I just do a google search for isolated drums. Failing that if I can get a midi track I have a couple of drum vst's in Sonar.

I found this one on YouTube.


----------



## KapnKrunch (Jul 13, 2016)

GeorgeMich said:


> Come on man...lol. It’s STP.


LOL. Who is "STP"? Seriously. No idea.


----------



## LouisFNCyphre (Apr 23, 2021)

KapnKrunch said:


> LOL. Who is "STP"? Seriously. No idea.


Stone Temple Pilots, a big rock group from the 90s.


----------



## sulphur (Jun 2, 2011)

KapnKrunch said:


> LOL. Who is "STP"? Seriously. No idea.


Welcome to the twentieth century.



davetcan said:


> One of my favourite bands from that era.
> 
> 
> 
> ...


Now you need to kick the smack habit.


----------



## Dorian2 (Jun 9, 2015)

Great job man!!


----------



## StratCat (Dec 30, 2013)

Awesome Dave. interstate Love Song has been my STP tune to play. Wind Cries Mary sounds great too.


----------



## mrmatt1972 (Apr 3, 2008)

Nice job, the intro was spot on, how did you do that? I also loved that song/band back in the day.


----------



## davetcan (Feb 27, 2006)

I cheated a bit on the intro. The one thing I haven't figured out how to do digitally is to produce controlled feedback. I got it as close as I could and then underlayed the original to fill it out. The feedback you hear just before the main riff starts was me playing thru one of my amps and mic'ing the cab.


----------



## davetcan (Feb 27, 2006)

This would be the answer.


----------



## Abiguitar (May 28, 2009)

Amazing. That intro was bang on. Thanks for sharing.


----------



## Abiguitar (May 28, 2009)

davetcan said:


> I just do a google search for isolated drums. Failing that if I can get a midi track I have a couple of drum vst's in Sonar.
> 
> I found this one on YouTube.


YouTube is great for finding isolated drum tracks. 

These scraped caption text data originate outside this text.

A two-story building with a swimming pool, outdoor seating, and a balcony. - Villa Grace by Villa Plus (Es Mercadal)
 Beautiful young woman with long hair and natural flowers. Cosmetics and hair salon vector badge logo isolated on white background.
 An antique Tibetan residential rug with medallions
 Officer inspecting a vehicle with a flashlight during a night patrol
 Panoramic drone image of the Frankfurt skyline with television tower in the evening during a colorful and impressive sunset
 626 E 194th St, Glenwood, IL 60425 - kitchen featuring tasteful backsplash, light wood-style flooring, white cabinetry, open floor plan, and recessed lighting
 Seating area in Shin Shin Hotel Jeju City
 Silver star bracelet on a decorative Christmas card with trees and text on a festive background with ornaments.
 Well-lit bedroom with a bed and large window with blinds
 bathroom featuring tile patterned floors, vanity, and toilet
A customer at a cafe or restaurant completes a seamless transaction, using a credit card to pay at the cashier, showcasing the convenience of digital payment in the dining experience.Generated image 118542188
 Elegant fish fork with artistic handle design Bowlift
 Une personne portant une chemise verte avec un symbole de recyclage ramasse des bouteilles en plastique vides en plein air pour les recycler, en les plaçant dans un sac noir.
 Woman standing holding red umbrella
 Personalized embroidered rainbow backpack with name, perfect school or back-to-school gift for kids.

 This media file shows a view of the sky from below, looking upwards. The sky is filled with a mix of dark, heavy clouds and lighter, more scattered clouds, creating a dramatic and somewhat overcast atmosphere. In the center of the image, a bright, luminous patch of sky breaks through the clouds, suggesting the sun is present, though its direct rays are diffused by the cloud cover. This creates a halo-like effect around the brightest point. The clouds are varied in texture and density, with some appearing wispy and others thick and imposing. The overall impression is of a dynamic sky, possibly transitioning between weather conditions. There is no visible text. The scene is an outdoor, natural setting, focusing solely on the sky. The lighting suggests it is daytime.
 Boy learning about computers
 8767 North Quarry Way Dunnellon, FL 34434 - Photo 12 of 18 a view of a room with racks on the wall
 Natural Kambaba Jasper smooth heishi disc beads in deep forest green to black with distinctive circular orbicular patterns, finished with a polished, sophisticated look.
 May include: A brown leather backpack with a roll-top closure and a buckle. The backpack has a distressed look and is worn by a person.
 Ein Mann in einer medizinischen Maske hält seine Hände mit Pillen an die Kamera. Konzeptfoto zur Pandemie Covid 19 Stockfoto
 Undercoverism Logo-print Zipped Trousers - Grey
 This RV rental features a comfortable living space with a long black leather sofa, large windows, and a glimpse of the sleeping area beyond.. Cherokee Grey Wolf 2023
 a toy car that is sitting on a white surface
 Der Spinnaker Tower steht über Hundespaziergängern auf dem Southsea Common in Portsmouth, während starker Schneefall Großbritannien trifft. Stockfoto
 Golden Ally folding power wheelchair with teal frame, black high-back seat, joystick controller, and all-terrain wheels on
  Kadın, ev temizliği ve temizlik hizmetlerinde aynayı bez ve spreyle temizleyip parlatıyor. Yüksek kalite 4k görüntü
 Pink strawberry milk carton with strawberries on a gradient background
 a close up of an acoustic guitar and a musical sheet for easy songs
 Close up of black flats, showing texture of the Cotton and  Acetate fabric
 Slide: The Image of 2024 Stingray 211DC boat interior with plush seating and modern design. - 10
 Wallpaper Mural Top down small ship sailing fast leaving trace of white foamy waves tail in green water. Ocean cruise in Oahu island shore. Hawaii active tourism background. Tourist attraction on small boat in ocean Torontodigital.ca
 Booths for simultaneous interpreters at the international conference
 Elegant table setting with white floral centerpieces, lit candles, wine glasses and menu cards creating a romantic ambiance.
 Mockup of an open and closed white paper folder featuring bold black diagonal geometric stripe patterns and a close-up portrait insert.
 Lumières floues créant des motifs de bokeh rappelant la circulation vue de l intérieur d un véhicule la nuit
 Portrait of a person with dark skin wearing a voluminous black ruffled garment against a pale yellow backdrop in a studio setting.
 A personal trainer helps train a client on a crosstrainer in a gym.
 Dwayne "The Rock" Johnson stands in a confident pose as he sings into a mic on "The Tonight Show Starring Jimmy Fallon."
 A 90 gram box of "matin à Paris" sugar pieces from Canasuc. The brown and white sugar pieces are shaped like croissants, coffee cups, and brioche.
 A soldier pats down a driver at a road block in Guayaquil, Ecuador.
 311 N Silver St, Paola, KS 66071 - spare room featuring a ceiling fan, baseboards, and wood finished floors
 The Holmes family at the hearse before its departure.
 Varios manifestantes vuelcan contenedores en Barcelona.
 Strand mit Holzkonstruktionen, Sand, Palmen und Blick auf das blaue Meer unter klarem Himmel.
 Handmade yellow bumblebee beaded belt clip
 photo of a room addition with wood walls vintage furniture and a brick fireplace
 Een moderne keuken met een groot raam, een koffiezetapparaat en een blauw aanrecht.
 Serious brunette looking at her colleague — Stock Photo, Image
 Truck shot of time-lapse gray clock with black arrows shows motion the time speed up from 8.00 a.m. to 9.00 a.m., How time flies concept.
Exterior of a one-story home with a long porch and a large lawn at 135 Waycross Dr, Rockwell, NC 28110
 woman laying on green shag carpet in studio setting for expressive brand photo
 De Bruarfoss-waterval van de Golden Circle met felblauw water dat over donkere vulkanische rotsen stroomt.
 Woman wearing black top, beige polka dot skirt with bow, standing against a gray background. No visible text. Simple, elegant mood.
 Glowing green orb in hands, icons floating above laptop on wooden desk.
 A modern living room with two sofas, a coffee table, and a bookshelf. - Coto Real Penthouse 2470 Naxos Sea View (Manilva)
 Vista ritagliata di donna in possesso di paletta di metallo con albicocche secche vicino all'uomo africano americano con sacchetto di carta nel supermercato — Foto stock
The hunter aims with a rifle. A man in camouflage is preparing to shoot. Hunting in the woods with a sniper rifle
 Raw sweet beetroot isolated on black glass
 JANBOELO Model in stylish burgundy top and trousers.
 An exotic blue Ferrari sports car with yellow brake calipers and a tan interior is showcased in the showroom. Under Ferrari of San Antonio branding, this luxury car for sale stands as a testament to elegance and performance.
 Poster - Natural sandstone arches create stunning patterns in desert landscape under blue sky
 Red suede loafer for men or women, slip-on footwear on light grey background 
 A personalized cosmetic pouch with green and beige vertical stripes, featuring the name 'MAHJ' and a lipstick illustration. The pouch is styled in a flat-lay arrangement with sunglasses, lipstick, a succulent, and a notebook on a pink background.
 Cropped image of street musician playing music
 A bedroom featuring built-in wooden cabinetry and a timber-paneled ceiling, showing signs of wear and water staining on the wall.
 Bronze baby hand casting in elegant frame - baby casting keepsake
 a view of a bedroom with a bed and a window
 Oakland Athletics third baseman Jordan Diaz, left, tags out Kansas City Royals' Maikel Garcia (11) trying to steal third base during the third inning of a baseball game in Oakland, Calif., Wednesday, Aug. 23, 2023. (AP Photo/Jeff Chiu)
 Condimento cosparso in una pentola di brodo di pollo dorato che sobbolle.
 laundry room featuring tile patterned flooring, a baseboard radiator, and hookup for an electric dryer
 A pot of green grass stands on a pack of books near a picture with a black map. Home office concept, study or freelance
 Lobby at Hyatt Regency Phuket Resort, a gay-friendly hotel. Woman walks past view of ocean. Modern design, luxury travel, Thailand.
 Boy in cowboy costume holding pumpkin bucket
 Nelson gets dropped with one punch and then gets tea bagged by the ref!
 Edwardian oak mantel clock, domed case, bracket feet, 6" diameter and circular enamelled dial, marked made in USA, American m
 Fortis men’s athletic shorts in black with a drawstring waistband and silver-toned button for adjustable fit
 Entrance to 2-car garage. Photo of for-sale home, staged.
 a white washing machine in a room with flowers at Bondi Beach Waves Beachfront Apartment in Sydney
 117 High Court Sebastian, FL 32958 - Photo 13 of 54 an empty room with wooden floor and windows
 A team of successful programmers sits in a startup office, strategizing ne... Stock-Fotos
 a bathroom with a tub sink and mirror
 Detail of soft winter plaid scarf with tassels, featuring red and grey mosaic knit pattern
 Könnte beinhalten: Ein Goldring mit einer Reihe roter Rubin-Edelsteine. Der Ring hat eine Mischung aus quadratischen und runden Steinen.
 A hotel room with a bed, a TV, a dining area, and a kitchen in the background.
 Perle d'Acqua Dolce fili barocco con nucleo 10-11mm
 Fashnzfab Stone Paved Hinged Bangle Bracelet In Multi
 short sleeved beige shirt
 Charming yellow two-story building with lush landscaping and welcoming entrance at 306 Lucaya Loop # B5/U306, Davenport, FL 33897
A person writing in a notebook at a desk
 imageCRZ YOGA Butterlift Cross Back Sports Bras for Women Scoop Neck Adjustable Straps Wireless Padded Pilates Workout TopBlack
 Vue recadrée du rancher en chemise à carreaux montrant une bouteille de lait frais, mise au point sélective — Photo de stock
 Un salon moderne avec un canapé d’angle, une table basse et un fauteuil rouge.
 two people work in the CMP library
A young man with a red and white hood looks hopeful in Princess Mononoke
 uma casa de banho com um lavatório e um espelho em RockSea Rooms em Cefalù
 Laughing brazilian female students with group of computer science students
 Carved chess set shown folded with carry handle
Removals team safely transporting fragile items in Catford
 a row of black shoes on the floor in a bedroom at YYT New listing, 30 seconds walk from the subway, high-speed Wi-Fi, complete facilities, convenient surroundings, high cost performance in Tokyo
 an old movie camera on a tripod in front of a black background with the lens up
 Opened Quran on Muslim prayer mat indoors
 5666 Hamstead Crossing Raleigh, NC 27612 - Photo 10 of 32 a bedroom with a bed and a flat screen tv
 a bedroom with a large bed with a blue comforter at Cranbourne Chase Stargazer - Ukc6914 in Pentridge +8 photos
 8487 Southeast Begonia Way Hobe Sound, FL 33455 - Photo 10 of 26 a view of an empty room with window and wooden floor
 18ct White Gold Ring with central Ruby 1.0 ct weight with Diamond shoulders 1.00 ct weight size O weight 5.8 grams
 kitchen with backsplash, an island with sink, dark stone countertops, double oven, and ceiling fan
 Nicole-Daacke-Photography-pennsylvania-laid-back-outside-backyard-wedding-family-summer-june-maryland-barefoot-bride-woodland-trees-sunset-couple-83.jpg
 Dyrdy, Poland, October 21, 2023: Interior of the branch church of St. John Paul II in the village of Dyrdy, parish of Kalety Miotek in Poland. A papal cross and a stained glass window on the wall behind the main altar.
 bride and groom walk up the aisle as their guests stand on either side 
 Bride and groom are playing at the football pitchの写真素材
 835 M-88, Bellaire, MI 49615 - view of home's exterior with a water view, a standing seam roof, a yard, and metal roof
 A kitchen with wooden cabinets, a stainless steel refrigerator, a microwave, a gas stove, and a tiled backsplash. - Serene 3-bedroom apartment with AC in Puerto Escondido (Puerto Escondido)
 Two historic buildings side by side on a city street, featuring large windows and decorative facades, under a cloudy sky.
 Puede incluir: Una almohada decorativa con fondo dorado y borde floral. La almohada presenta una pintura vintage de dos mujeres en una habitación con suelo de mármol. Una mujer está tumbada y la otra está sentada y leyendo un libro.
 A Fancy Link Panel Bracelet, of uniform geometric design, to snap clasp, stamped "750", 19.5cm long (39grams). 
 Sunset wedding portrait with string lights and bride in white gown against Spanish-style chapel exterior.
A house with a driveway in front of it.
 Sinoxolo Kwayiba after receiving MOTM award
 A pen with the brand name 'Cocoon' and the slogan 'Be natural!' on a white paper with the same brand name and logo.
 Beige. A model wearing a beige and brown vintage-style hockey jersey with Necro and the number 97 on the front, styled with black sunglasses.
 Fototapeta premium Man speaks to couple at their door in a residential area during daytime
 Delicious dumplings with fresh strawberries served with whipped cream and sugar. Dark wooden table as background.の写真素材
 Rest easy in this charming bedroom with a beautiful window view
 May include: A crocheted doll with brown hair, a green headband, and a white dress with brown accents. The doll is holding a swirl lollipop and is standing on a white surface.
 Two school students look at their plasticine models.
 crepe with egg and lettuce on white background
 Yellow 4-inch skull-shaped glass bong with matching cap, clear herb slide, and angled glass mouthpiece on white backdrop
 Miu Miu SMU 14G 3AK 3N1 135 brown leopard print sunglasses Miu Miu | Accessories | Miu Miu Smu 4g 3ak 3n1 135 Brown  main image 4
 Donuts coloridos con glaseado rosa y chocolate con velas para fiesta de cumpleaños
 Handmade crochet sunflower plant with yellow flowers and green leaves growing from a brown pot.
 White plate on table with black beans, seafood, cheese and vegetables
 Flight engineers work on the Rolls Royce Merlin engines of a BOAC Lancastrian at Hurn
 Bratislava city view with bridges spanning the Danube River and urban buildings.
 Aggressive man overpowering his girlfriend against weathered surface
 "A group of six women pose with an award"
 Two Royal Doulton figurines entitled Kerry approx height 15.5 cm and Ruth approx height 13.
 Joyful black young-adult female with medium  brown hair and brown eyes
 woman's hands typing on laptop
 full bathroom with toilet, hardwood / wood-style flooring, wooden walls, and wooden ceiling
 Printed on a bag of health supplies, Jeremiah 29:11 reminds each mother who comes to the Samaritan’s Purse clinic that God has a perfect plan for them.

For my covers, I also often purchase drums tracks from the website karaoke-version.com. Only $2 per track and their selection of songs is pretty good. I add the drums to Logic Pro, and then add in the bass, guitars, and vocals.


----------



## YaReMi (Mar 9, 2006)

Very well done! I hope you won't mind some constructive criticism re mixing .. Your vocal is way up front (in-your-face). I would bring it down quite a bit to blend in with the rest of the track. I remember reading once about different mixing approaches and one great trick was - you play your track and go in the next room .. you will hear right away which part is too loud. Great playing and singing!


----------



## davetcan (Feb 27, 2006)

YaReMi said:


> Very well done! I hope you won't mind some constructive criticism re mixing .. Your vocal is way up front (in-your-face). I would bring it down quite a bit to blend in with the rest of the track. I remember reading once about different mixing approaches and one great trick was - you play your track and go in the next room .. you will hear right away which part is too loud. Great playing and singing!


Strangely enough I had it back in the mix originally and other "critics" (some of who you know) suggested I pull it forward. LOL. 

I like the next room tip!


----------